We shared tons of traumatic experiences together. It was a great bonding experience. But some of her friends sucked. One of them said he’d wished I’d been murdered. Another sabotaged my attempts at a relationship. And yeah,  that other guy. And you know,  your friends are a reflection of yourself. Just a cesspool of shit I don’t need right now. Why stick with people like those. Oh right, because that’s what you are.

So why do people I try avoiding always end up popping up when I don’t need them to? God,  just stop it. I know I’ll run into her again. I’ll keep it civil. Civility is what adults do, right? Screw civility.

It’s hard enough trying to find female friends. Especially in NYC. Especially ones who aren’t superficial and just overly emotional and shallow. But that doesn’t mean holding on to dead weight.

It bothers me that I have a dearth of female friends. Most of them are out of state,  so that foils plans of having girls night out.  I think too much like a guy. It makes me feel cold, mechanical. Sometimes I need those soft, nurturing aspects. I can connect with people on an intellectual level – that’s where I thrive. But everyone is too busy and I’m such a hermit. And many women here are painfully stupid.
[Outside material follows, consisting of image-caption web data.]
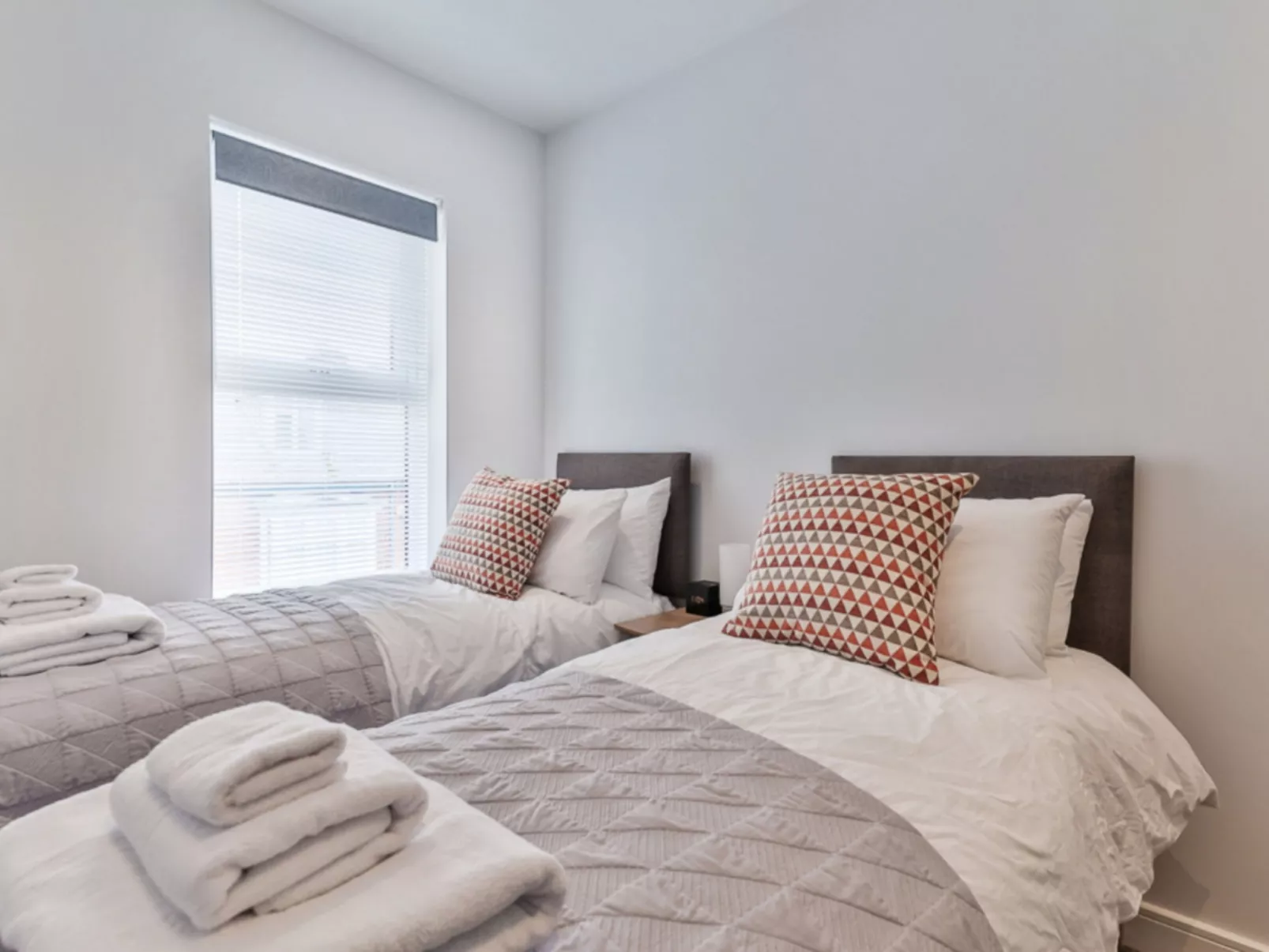 Belle House, Apt 6-Binnen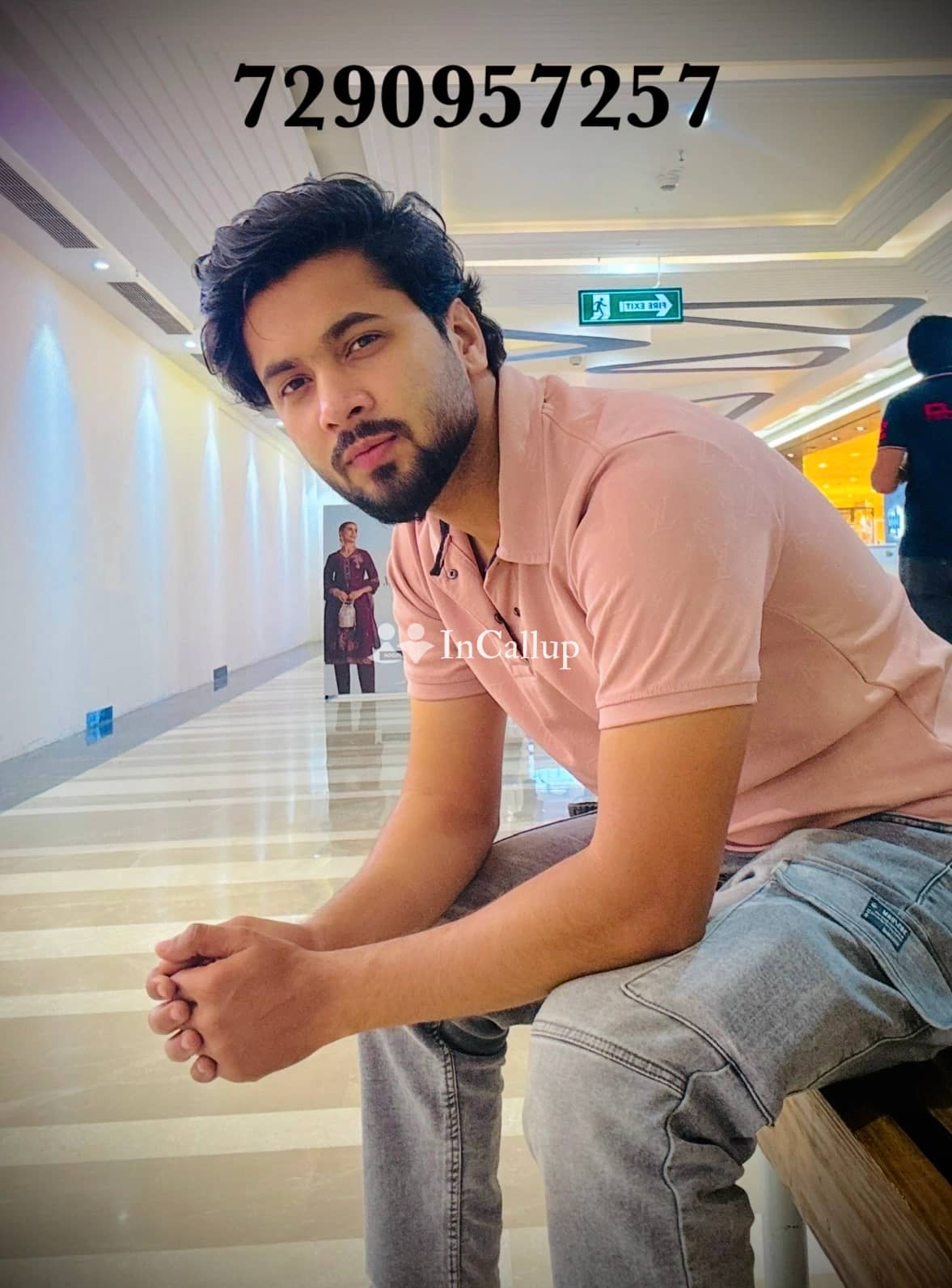 experience pure pleasure with honey in gurugram your ultimate male escort for unforgettable moments - Male Escorts in gurgaon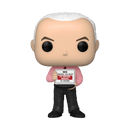 FUNKO POP TV: FRIENDS - GUNTHER W/CHASE 889698419468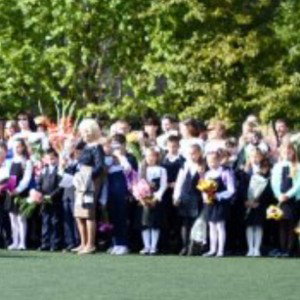 Ангелы поют как детский хор 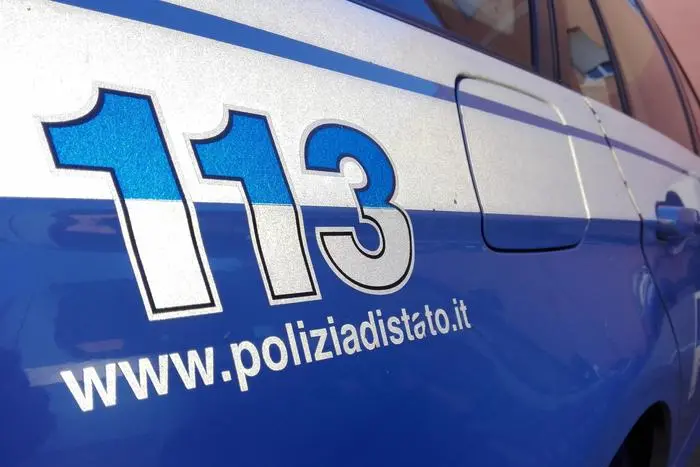Polizia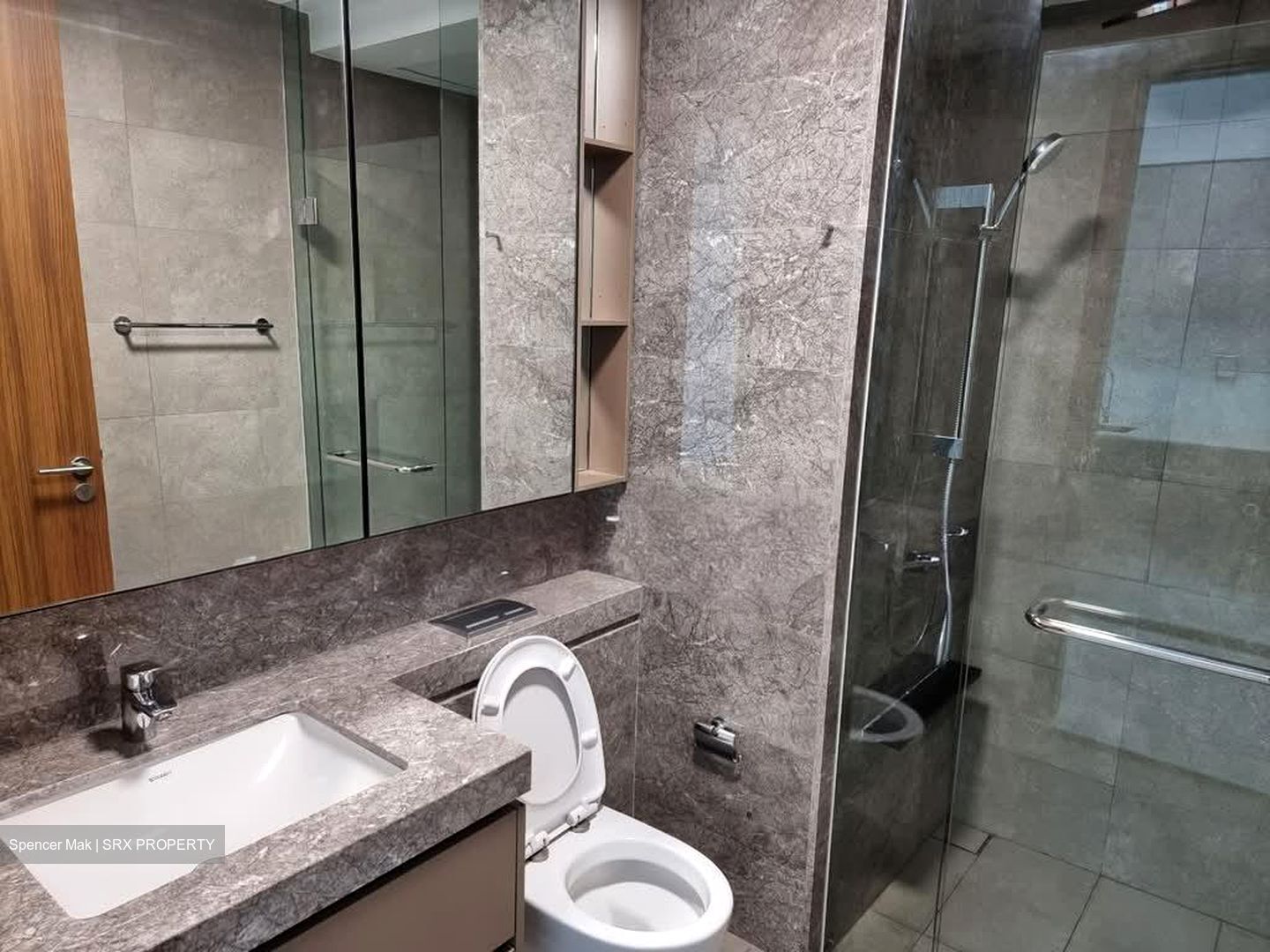 Stirling Residences (D3), Apartment #550380441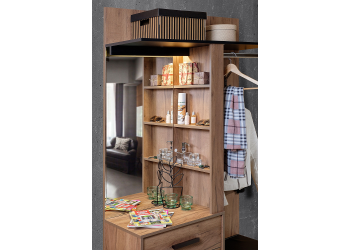 Модульная прихожая Nature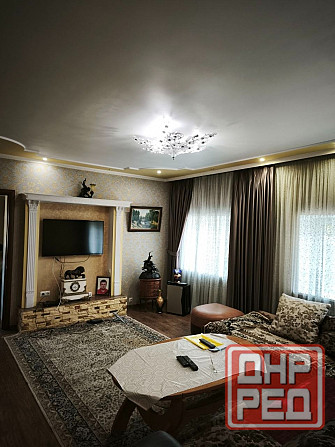 Продам дом. Евро-. Лукоморье Донецк - изображение 3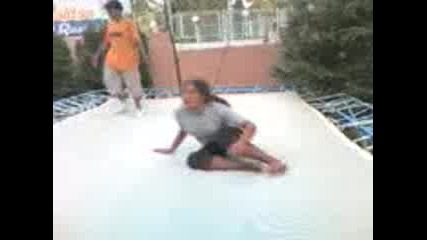 2 Neyspe6ni Opita Za Predno Salto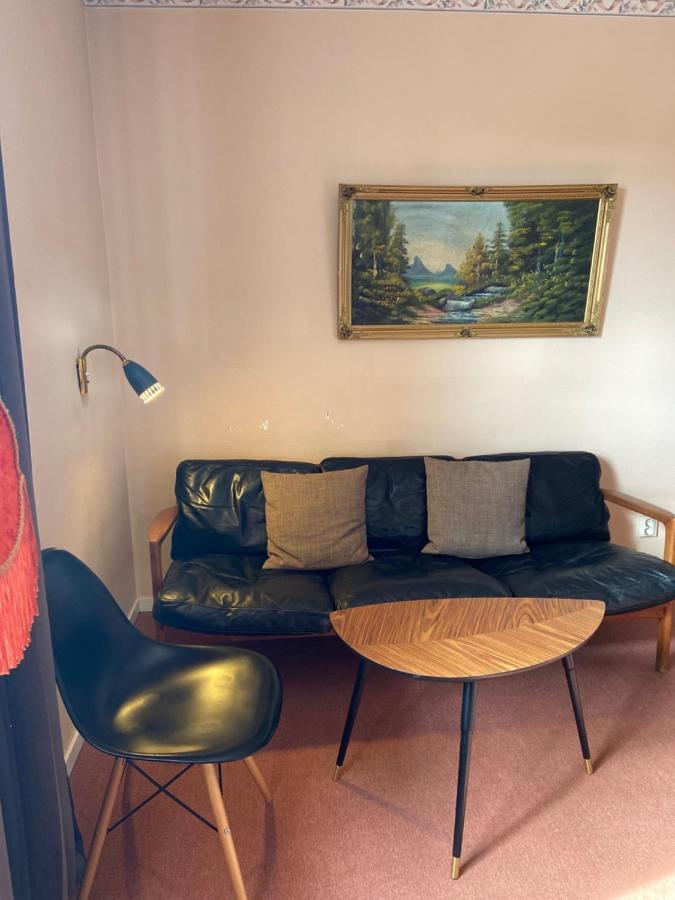 Hotell Älvdalen Eksteriør bilde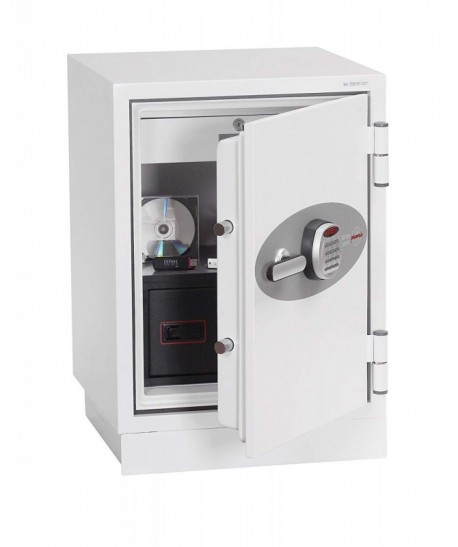 Coffre fort à serrure électronique Datacombi DS2501E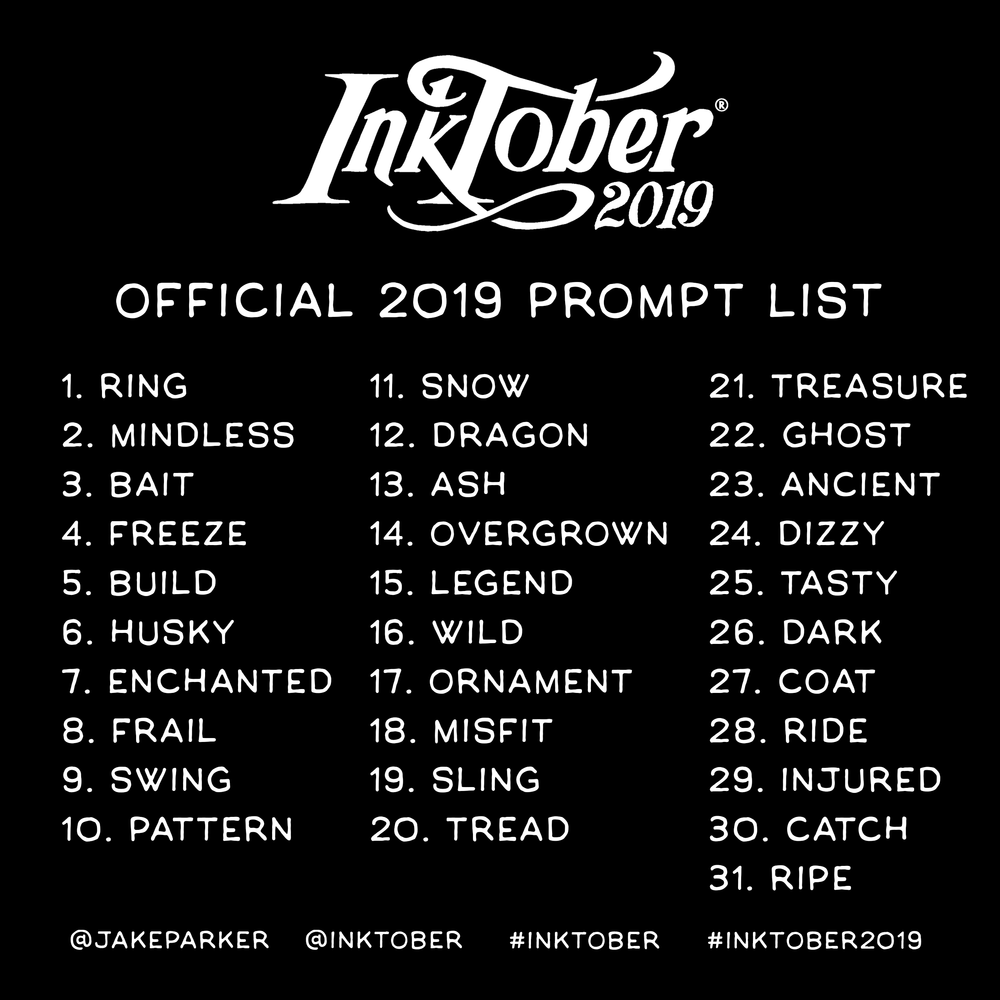 Prompt ufficiali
But screw it. My male friends are awesome. They hold me accountable and kick my ass whenever I feel mopey and emotional. They’re like, “You can’t stay in the house all day! Let’s go get a beer and make fun of hipsters!” And who would pass on cheap (or free,  if I look really distraught) beer and making fun of the people who are sorta kinda taking over this city? Or people who pretend to like Kerouac?

So the moral of the story is quality over quantity.  Now,  time to listen to some random song that just came on my playlist.